Cut the peeled potatoes into even 4cm chunks to ensure uniform cooking.
Place potatoes in a large saucepan of cold salted water. Bring to a boil and cook for 8 minutes until the exterior is tender but the center remains firm.
Drain the potatoes in a colander. Shake the colander vigorously to rough up the edges of the potatoes, building a mashed exterior layer that will crisp in the oven.
Pat the whole chicken completely dry with paper towels inside and out. Removing surface moisture guarantees proper skin browning.
Rub the exterior skin and the interior cavity of the chicken evenly with olive oil, kosher salt, and freshly ground black pepper.
Place the chicken breast-side up in a roasting pan. Roast on the upper-middle rack at 200°C (400°F) for 40 minutes.
While the chicken begins to roast, toss the roughed-up parboiled potatoes with olive oil, chopped rosemary, thyme leaves, garlic powder, and salt until evenly coated.
Spread the seasoned potatoes in a single layer with ample space between them on a baking sheet. Place on the lower-middle rack and roast for 45 minutes, turning them halfway through the cooking time.
In a small saucepan, combine the honey, tamari, Dijon mustard, and apple cider vinegar. Simmer over medium-low heat for 5 minutes until reduced and slightly syrupy.

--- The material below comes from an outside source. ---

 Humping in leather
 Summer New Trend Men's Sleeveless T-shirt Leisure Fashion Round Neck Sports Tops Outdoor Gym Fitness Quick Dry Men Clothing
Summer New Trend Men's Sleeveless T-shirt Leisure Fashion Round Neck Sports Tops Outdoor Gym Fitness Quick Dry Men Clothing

Remove the chicken from the oven after its initial 40 minutes. Brush the skin generously with the reduced honey glaze. Return to the oven for 15 additional minutes to caramelize.

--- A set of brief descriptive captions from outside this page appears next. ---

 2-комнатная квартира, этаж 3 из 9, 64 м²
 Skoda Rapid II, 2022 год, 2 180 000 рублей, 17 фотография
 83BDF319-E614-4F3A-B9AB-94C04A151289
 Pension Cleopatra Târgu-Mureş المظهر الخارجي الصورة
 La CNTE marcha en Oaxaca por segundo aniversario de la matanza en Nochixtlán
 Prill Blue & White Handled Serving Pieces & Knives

Verify the chicken is fully cooked by inserting a meat thermometer into the thickest part of the thigh, avoiding the bone. The internal temperature must reach 74°C (165°F).

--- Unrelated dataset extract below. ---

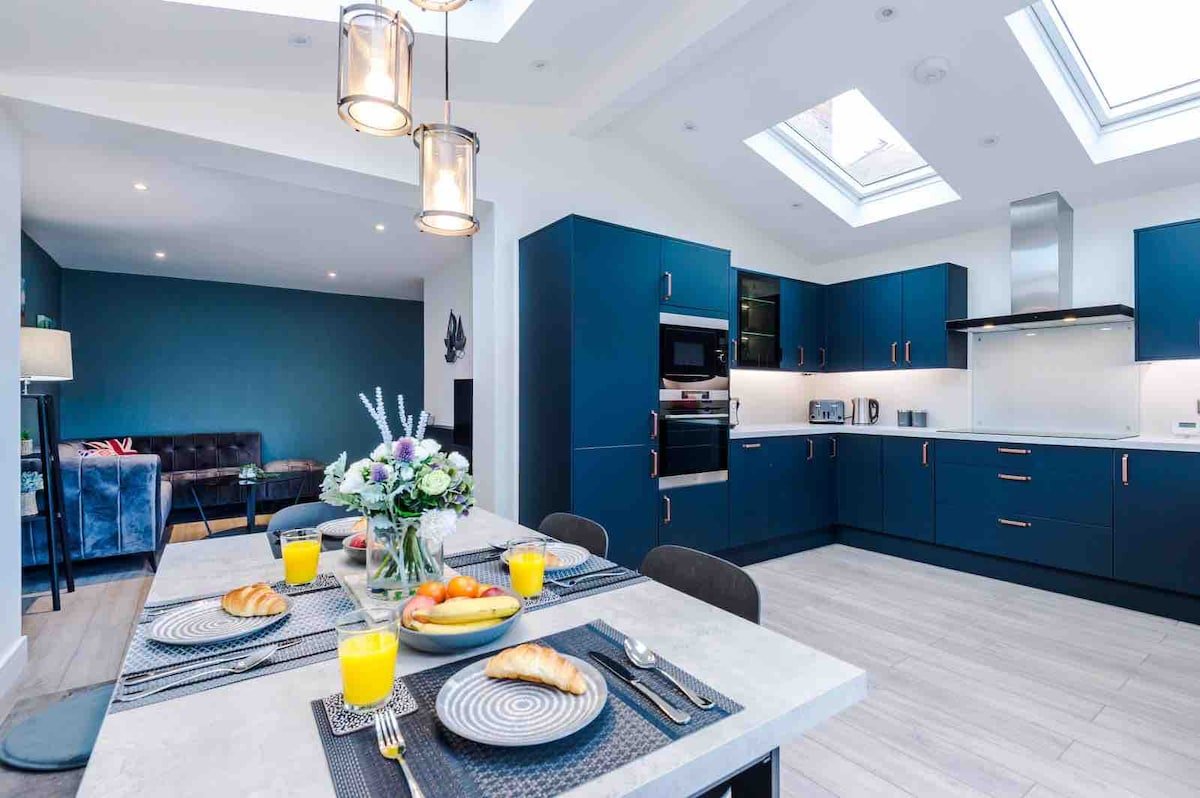 SLD Altrincham Spacious 3 Bedroom House gallery image 4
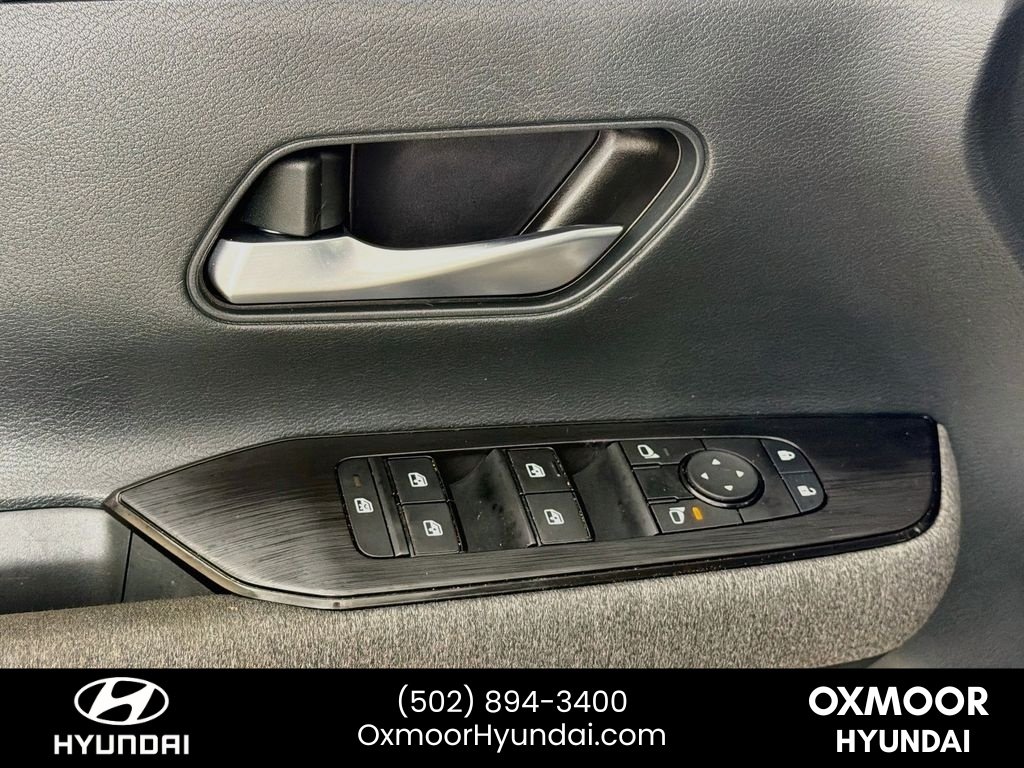 Used 2025 Super Black Nissan SV image 17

Transfer the chicken to a cutting board. Let it rest undisturbed for 15 minutes before carving to allow juices to redistribute. Serve alongside the crispy herb potatoes.
Chef's Notes
- Ensure the raw chicken rests at room temperature for 30 minutes prior to roasting; removing the chill promotes even cooking throughout.
- Save the chicken pan drippings. Even with the sweet honey glaze mingling in the pan, the drippings create an excellent, complex base for a rich pan sauce or gravy.
- The starch released by roughing up the parboiled potatoes combines with the olive oil to create an incredibly crisp, glass-like exterior crust in the oven.
- Using cold water to start boiling your potatoes ensures the inside and outside of the potato cook at an even rate.
Storage
Refrigerator: 3 days — Store chicken and potatoes in separate airtight containers.
Freezer: 2 months — Freeze chicken meat only; potatoes will become mealy when frozen.
Reheating: Reheat in an oven at 180°C/350°F for 15 minutes to restore crispy skin and potato texture.